> Data extracts:
* * * *

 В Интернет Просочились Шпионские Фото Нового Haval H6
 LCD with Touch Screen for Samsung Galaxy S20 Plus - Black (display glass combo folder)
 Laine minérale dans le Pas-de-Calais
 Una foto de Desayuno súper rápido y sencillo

* * * *

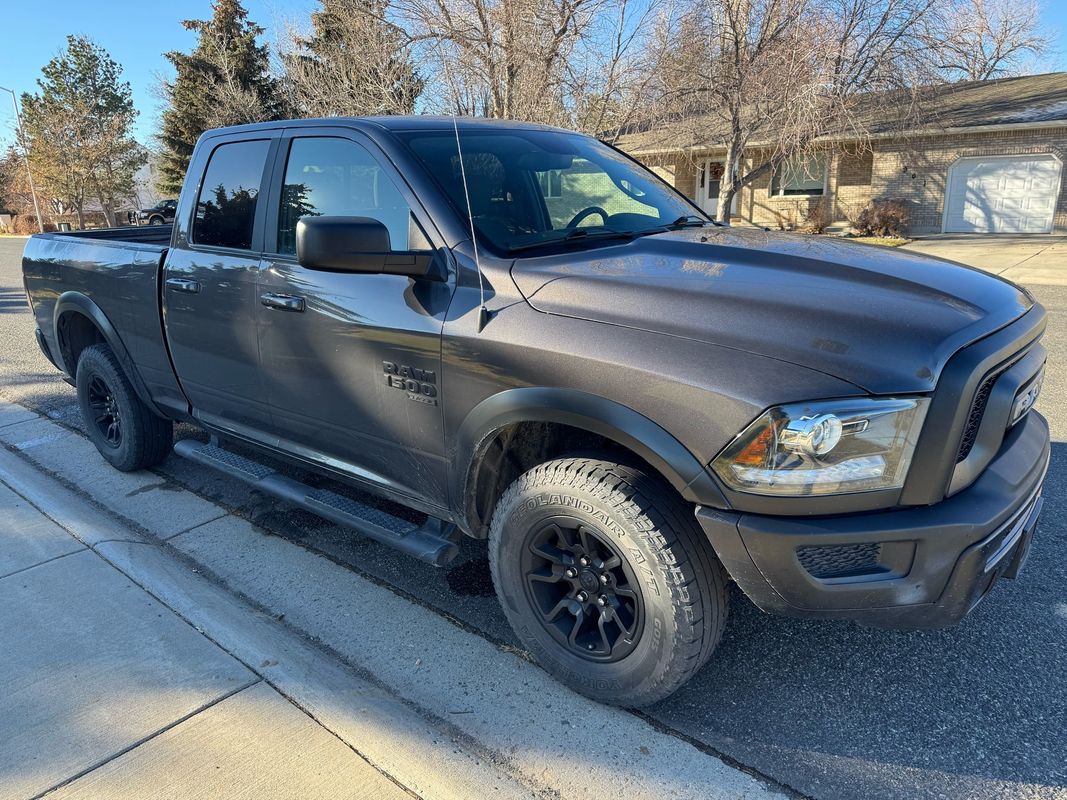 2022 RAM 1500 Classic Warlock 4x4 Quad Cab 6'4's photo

* * * *

> Work request: Using the records above, copy word for word the line with "Laine minérale dans le Pas-de-Calais", the line with "Una foto de Desayuno súper rápido y sencillo", and every line between them.

> Written solution:
 Laine minérale dans le Pas-de-Calais
 Una foto de Desayuno súper rápido y sencillo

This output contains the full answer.